Description from TIFF 2013 catalog by Cameron Bailey:

In celebration of the 40th anniversary of the Toronto Women & Film Festival, co-founder, scholar and former TIFF programmer Kay Armatage joins us for a special onstage discussion with director Madeline Anderson, along with a special screening of Anderson’s 1969 short, I Am Somebody.

In 1973, women were allowed on the floor of the London Stock Exchange for the first time. The US Supreme Court ruled on Roe v. Wade. One of Canada’s first women’s studies departments launched at the University of British Columbia. And in Toronto a group of feminists organized the Women & Film Festival.

A groundbreaking event born from extensive research into the history of women’s filmmaking, and inspired by New York’s First International Festival of Women’s Films a year earlier, Women & Film screened an ambitious programme of Canadian and international films that included recent work by Liliana Cavani, Mai Zetterling, V?ra Chytilová, Sarah Maldoror, Mireille Dansereau, Penelope Spheeris, Elaine May, and Alanis Obomsawin (whose new documentary Hi-Ho Mistahey screens in this year’s Festival). Retrospective screenings included films by Maya Deren, Ida Lupino, Dorothy Arzner, Agnès Varda, and others. Experimental art icon Joyce Wieland screened eight films, and also helped program a sidebar devoted to Canadian home movies.
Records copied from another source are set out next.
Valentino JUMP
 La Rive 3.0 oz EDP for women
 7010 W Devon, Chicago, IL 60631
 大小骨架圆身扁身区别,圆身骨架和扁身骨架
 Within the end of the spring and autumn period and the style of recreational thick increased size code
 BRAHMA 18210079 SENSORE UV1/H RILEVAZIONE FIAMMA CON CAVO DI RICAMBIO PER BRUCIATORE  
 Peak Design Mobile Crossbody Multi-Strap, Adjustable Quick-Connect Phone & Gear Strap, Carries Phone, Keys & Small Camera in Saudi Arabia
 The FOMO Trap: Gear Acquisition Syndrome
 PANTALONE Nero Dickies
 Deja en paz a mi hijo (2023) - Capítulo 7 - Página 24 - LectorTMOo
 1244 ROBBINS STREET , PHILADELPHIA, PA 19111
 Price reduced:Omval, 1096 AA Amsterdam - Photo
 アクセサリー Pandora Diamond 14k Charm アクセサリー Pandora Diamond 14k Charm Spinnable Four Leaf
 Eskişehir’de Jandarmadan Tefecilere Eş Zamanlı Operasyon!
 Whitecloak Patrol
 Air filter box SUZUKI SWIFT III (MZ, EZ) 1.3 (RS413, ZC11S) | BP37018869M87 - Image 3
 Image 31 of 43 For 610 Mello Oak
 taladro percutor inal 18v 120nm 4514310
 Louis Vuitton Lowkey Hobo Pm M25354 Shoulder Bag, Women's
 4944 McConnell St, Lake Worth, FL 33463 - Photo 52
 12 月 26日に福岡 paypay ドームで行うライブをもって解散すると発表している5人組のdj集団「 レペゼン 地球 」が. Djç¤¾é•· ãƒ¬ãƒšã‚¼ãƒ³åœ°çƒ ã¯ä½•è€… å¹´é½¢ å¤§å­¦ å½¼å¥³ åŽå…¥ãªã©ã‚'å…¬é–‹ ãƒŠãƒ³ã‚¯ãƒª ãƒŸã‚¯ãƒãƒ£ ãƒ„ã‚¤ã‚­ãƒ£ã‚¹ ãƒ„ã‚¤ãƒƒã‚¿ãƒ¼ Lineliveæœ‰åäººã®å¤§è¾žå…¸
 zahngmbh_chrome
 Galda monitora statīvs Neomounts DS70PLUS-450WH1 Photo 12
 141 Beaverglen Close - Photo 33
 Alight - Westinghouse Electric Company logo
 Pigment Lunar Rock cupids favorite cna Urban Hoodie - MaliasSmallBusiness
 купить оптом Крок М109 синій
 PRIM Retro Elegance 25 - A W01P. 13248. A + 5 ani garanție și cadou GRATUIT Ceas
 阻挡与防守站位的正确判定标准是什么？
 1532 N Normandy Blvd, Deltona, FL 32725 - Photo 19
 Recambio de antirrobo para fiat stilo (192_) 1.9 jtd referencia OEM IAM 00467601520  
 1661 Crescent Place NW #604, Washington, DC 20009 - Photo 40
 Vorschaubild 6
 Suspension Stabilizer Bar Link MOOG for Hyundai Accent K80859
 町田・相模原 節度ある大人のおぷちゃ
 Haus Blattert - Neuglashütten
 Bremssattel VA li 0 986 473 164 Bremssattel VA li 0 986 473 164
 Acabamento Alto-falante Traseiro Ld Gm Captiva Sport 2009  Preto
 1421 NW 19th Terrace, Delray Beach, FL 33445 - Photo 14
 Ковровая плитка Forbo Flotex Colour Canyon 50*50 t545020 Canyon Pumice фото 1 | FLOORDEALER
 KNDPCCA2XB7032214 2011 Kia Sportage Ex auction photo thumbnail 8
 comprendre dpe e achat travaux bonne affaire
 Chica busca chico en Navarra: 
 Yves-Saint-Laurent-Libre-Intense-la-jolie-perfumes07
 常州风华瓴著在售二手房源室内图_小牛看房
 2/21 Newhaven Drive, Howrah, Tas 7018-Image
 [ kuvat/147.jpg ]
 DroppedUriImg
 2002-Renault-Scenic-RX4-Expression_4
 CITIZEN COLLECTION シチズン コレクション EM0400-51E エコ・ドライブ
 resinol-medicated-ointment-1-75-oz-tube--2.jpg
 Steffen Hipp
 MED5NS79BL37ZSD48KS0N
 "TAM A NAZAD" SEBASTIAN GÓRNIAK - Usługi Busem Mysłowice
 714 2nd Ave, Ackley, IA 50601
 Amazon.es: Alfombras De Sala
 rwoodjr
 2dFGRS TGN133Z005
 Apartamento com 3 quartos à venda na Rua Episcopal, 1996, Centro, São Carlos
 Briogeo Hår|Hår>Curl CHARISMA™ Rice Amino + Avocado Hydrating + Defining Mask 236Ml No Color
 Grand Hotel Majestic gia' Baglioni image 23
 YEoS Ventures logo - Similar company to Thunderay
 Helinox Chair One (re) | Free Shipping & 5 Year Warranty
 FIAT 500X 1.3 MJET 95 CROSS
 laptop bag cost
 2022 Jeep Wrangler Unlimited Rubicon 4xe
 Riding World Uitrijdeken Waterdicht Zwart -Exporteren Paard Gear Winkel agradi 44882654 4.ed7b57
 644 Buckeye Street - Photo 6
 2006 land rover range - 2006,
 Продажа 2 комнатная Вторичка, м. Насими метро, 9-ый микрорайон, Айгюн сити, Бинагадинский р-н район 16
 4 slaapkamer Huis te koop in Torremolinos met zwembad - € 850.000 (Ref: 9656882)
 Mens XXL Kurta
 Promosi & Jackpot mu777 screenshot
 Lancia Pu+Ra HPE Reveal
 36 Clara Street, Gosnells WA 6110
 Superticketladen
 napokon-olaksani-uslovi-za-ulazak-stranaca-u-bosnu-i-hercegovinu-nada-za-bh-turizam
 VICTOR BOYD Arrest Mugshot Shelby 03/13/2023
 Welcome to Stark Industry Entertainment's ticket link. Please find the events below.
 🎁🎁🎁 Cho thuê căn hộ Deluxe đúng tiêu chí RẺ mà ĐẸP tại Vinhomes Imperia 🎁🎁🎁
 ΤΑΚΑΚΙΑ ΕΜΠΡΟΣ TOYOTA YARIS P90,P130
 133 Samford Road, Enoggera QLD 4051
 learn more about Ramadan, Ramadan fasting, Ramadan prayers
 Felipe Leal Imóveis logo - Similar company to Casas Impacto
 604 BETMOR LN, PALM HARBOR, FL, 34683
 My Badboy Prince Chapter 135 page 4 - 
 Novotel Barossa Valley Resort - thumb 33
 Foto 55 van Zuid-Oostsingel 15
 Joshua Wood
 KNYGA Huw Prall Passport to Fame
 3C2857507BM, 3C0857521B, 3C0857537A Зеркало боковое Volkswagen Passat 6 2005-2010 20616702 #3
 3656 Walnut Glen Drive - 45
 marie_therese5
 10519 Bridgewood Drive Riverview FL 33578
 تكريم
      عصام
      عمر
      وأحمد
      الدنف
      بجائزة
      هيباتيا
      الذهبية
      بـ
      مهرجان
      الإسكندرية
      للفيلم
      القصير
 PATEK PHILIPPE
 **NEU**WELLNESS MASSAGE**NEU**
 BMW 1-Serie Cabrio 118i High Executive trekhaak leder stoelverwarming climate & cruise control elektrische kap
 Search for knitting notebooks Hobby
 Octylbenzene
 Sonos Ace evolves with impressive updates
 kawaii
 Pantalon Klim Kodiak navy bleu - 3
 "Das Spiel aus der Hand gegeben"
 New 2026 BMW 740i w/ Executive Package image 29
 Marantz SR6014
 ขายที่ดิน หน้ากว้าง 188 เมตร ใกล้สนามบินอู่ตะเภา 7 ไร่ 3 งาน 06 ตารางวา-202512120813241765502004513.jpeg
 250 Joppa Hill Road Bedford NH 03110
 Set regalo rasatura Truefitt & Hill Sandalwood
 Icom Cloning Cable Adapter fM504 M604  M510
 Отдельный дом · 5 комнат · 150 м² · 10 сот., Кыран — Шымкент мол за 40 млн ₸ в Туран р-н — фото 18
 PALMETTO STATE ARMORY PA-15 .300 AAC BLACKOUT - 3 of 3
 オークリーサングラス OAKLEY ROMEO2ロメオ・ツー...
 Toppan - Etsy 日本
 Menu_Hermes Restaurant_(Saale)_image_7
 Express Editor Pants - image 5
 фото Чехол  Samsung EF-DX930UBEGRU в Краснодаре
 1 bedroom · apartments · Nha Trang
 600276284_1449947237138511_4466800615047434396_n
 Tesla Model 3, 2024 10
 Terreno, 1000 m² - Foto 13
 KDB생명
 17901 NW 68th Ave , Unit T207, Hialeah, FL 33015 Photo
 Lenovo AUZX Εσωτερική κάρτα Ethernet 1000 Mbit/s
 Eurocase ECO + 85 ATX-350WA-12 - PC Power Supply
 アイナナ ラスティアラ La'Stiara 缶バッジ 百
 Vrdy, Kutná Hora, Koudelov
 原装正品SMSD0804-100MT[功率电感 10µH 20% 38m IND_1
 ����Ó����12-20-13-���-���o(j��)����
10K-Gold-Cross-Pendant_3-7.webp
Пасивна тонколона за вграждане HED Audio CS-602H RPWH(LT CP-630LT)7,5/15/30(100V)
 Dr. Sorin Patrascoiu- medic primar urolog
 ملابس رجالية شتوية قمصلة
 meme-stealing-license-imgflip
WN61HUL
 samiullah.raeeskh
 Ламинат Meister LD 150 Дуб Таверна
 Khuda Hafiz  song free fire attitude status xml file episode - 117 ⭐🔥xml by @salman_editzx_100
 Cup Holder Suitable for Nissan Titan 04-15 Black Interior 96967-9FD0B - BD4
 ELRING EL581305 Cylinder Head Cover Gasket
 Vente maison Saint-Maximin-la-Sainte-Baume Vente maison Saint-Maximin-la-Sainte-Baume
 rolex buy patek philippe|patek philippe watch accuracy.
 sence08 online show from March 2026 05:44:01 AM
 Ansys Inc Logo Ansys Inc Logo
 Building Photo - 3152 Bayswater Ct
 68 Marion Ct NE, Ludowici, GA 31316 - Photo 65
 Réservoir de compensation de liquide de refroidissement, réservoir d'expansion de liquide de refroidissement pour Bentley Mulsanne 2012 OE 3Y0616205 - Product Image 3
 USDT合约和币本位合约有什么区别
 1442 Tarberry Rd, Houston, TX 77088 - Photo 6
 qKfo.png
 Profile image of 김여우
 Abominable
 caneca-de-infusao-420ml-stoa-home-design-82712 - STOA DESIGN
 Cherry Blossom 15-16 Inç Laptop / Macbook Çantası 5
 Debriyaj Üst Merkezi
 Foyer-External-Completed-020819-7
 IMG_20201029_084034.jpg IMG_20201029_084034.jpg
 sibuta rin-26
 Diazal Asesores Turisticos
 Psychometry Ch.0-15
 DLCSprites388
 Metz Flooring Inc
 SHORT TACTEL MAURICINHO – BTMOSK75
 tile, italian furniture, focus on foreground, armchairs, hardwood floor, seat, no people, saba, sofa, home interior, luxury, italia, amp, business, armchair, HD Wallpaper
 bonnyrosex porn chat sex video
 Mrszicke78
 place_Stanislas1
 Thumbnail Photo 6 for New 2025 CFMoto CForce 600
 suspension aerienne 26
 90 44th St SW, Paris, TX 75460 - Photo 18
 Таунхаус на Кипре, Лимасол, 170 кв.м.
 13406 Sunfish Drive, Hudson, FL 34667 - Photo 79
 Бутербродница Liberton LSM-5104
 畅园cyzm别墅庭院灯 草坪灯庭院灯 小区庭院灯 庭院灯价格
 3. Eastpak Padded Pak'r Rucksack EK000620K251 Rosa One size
To commemorate the fortieth anniversary of this watershed event, we are proud to gather some of the organizers, including Lydia Wazana-Tompkins and Kay Armatage, who went on to work as one of our key programmers for more than twenty years. Armatage will be joined onstage by Madeline Anderson, who will screen her 1969 civil rights documentary short I Am Somebody, which screened at the original event and injected a crucial discussion of the role of African American women into the feminist debate of the 1970s.

Four decades on from the height of second-wave feminism, some question the continued need for dedicated women’s film festivals. In this Mavericks conversation, we hope to bring to life an exciting chapter in film history, and to spark a conversation on what films by women need today.